Le rôle du coefficient directeur a
Le nombre a s’appelle le coefficient directeur de la droite ; on parle aussi de pente ou de taux de variation. Il indique de combien la valeur de la fonction change lorsque x augmente d’une unité.
- Si a = 4, une hausse de 1 de x entraîne une hausse de 4 de f(x).
- Si a = −2, une hausse de 1 de x entraîne une baisse de 2 de f(x).
- Si a = 0, la valeur ne change jamais : la fonction est constante.
Attention : une pente de 1/2 ne signifie pas « monter de moitié » au sens vague. Elle signifie précisément que, pour 2 unités parcourues horizontalement, on gagne 1 unité verticalement. De même, une pente de −3/2 correspond à une baisse de 3 lorsque x augmente de 2.
Le rôle de l’ordonnée à l’origine b
Le nombre b est l’ordonnée à l’origine. C’est la valeur de f(0), car f(0) = a × 0 + b = b. Sur un repère, il désigne le point où la droite coupe l’axe vertical : le point de coordonnées (0 ; b).
Dans une situation concrète, b représente souvent un montant fixe, une quantité initiale, une température au départ ou une position initiale. Il faut toutefois vérifier que la valeur x = 0 a un sens dans le problème : une interprétation algébriquement correcte peut être irréaliste dans son contexte.
Dans f(x) = ax + b, a est la variation de f pour une unité de x ; b est la valeur initiale, c’est-à-dire f(0).
Lire la droite et le sens de variation
La représentation graphique d’une fonction affine est toujours une droite. C’est sa propriété visuelle essentielle. Inversement, toute droite qui n’est pas verticale peut être décrite par une équation de la forme y = ax + b, donc par une fonction affine.
Le signe de a permet de connaître immédiatement le sens de variation.

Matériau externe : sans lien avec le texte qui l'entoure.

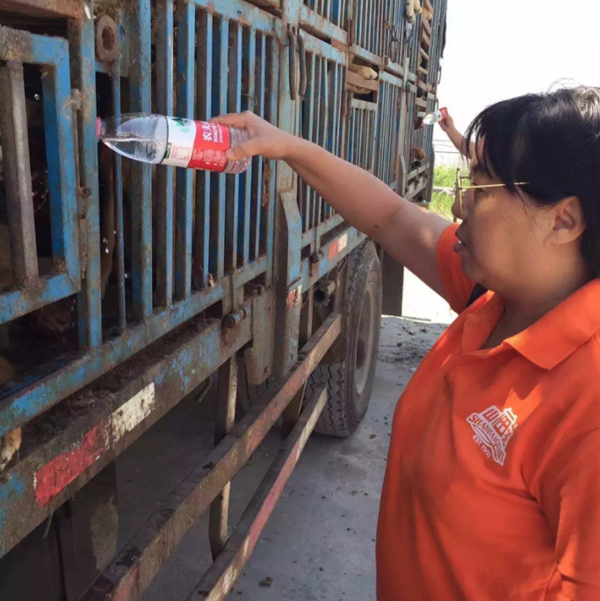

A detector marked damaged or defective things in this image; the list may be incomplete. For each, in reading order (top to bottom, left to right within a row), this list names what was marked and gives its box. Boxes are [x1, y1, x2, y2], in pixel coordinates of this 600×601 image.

rusty metal bar [0, 59, 38, 284]
rusty metal bar [155, 0, 173, 308]
rusty metal bar [81, 312, 338, 600]
rusty metal bar [211, 356, 239, 556]
rusty metal bar [190, 384, 326, 600]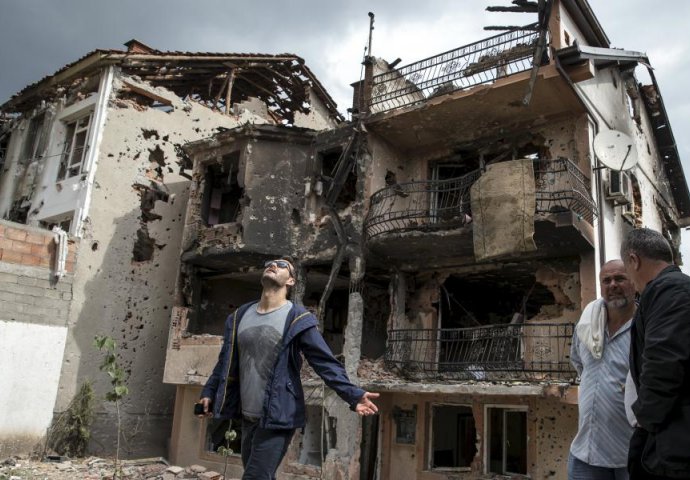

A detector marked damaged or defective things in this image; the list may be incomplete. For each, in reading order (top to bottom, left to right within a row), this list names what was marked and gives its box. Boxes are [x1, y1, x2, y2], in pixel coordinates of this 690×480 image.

broken balcony [362, 24, 584, 152]
shattered window [57, 113, 91, 181]
broken balcony [362, 158, 592, 264]
broken balcony [384, 320, 572, 384]
shattered window [428, 404, 476, 468]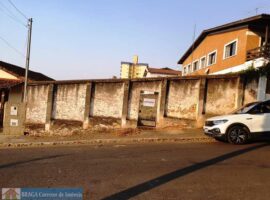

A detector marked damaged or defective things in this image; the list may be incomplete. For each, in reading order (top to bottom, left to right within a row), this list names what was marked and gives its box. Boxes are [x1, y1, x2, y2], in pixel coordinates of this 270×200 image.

peeling painted wall [25, 85, 48, 123]
peeling painted wall [52, 84, 86, 121]
peeling painted wall [92, 82, 123, 118]
peeling painted wall [128, 81, 160, 119]
peeling painted wall [167, 79, 200, 119]
peeling painted wall [206, 78, 237, 115]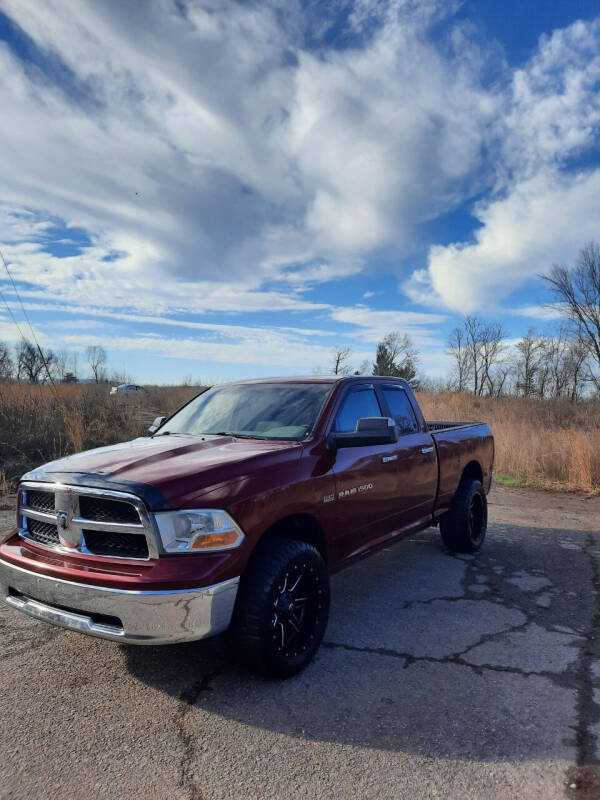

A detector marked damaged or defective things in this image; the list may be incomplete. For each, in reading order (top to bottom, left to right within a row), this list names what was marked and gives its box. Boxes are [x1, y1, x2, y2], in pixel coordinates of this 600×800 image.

cracked asphalt [1, 484, 600, 796]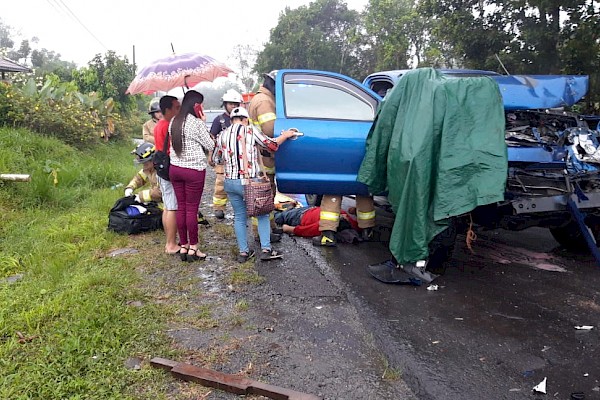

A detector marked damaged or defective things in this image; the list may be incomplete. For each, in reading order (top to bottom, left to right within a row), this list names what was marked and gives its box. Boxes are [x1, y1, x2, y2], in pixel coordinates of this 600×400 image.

damaged blue truck [270, 69, 596, 274]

Il ne faut pas se laisser tromper par l’impression visuelle d’un graphique mal gradué : c’est bien le rapport entre la variation verticale et la variation horizontale qui définit le coefficient directeur.

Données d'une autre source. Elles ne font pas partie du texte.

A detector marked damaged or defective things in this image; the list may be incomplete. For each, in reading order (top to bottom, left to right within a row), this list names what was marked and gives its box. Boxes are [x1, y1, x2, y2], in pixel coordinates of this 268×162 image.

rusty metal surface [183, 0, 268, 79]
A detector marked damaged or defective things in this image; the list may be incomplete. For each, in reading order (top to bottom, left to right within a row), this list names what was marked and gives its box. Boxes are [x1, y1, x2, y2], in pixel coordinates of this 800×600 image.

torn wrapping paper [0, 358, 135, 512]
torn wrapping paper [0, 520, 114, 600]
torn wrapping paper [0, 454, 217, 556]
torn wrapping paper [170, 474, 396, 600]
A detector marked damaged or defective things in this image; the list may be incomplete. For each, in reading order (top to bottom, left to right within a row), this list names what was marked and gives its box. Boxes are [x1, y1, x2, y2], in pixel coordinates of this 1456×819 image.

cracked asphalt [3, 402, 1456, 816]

| Valeur de a | Aspect et comportement de la fonction | Exemple |
|---|---|---|
| a > 0 | La droite monte de la gauche vers la droite : la fonction est croissante. | f(x) = 2x + 1 |
| a < 0 | La droite descend de la gauche vers la droite : la fonction est décroissante. | f(x) = −x + 5 |
| a = 0 | La droite est horizontale : la fonction est constante. | f(x) = 3 |
Tracer une fonction affine sans multiplier les calculs
Pour tracer la droite de f(x) = ax + b, deux points suffisent. La méthode la plus efficace consiste à placer d’abord l’ordonnée à l’origine, puis à utiliser la pente.
- Placez le point A(0 ; b) sur l’axe des ordonnées.
- Utilisez le coefficient directeur comme un déplacement. Si a = 3, avancez de 1 vers la droite et montez de 3 ; si a = −2, avancez de 1 et descendez de 2.
- Placez ce deuxième point B.
- Tracez la droite passant par A et B, puis prolongez-la.
Avec f(x) = −(1/2)x + 3, on commence donc en (0 ; 3). Pour éviter les fractions, on avance de 2 vers la droite et on descend de 1 : on obtient le point (2 ; 2). La droite passant par ces deux points est le graphique recherché.
Une droite n’est pas définie par son inclinaison seule : sa position dépend aussi de son ordonnée à l’origine.— Principe de lecture d’une fonction affine
Calculer une image, un antécédent et le zéro de la fonction
Utiliser une fonction affine consiste fréquemment à passer d’une donnée à une autre. Il faut distinguer soigneusement trois opérations, souvent confondues.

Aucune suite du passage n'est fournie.